Num intervalo de indolência cheguei à janela aberta do escritório – o calor a
fizera abrir, a chuva não a fizera fechar – e contemplei com a atenção intensa e
indiferente, que é o meu modo, aquilo mesmo que acabo de descrever com justeza
antes de o ter visto. Sim, lá ia a alegria aos dois banais, falando a sorrir pela chuva
miúda, com passos mais rápidos que apressados, na claridade limpa do dia que se
velara.
Mas, de repente, da surpresa de uma esquina que já lá estava, rodou para a
minha vista um homem velho e mesquinho, pobre e não humilde, que seguia
impaciente sob a chuva que havia abrandado. Esse, que por certo não tinha fito,
tinha ao menos impaciência. Olhei-o com a atenção, não já desatenta, que se dá às
coisas, mas definidora, que se dá aos símbolos. Era o símbolo de ninguém; por isso
tinha pressa. Era o símbolo de quem nada fora; por isso sofria. Era parte, não dos
que sentem a sorrir a alegria incómoda da chuva, mas da mesma chuva – um
inconsciente, tanto que sentia a realidade.
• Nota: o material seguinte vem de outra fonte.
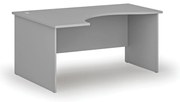 Ergonomický kancelársky písací stôl PRIMO GRAY, 160x120 cm, ľavý, sivá
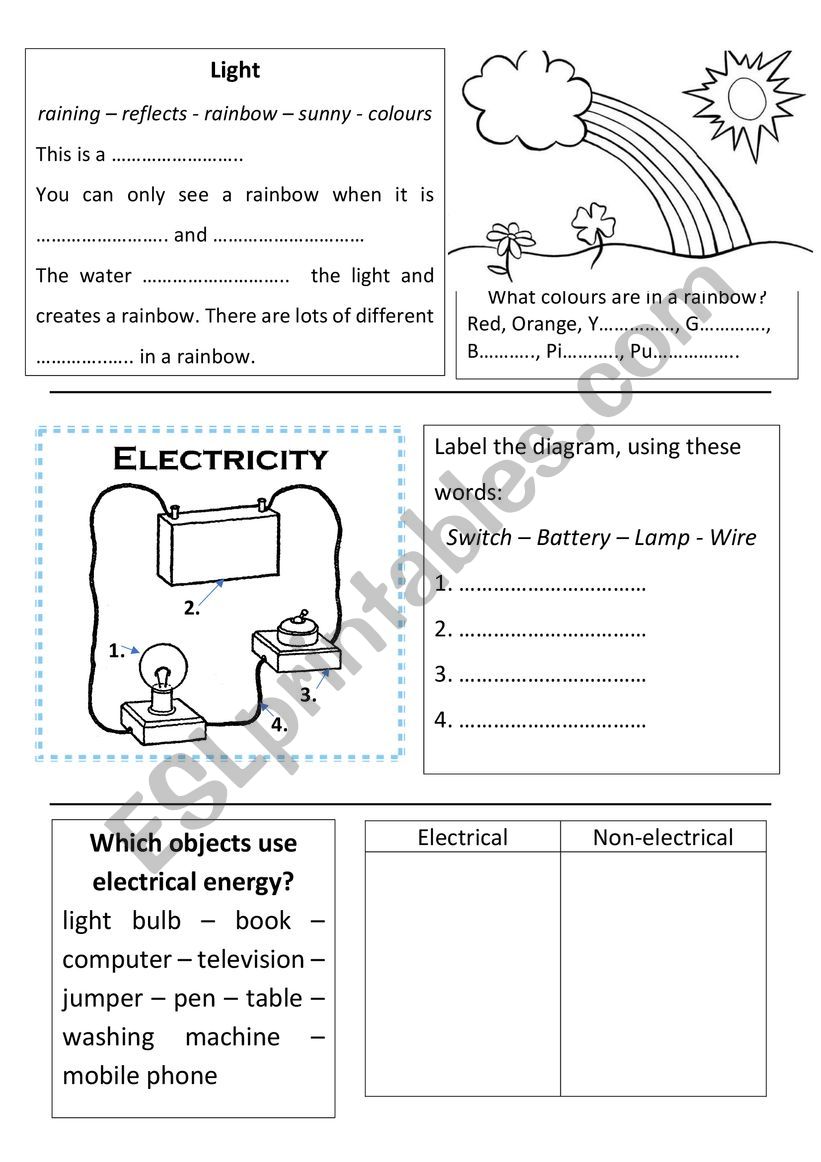 Science project worksheet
Não era isto, porém, que eu queria dizer. Entre a minha observação do
transeunte que, afinal, perdi logo de vista, por não ter continuado a olhá-lo, e o nexo
destas observações inseriu-se-me qualquer mistério da desatenção, qualquer
emergência da alma que me deixou sem prosseguimento. E ao fundo da minha
desconexão, sem que eu os oiça, oiço’ os sons das falas dos moços da embalagem,
lá no fundo do escritório, na parte que é o princípio do armazém, e vejo sem ver os
cordéis enfardadores das encomendas postais, passados duas vezes, com os nós
duas vezes corridos, à roda dos embrulhos em papel pardo forte, na mesa ao pé da
janela para o saguão, entre piadas e tesouras.
Ver é ter visto.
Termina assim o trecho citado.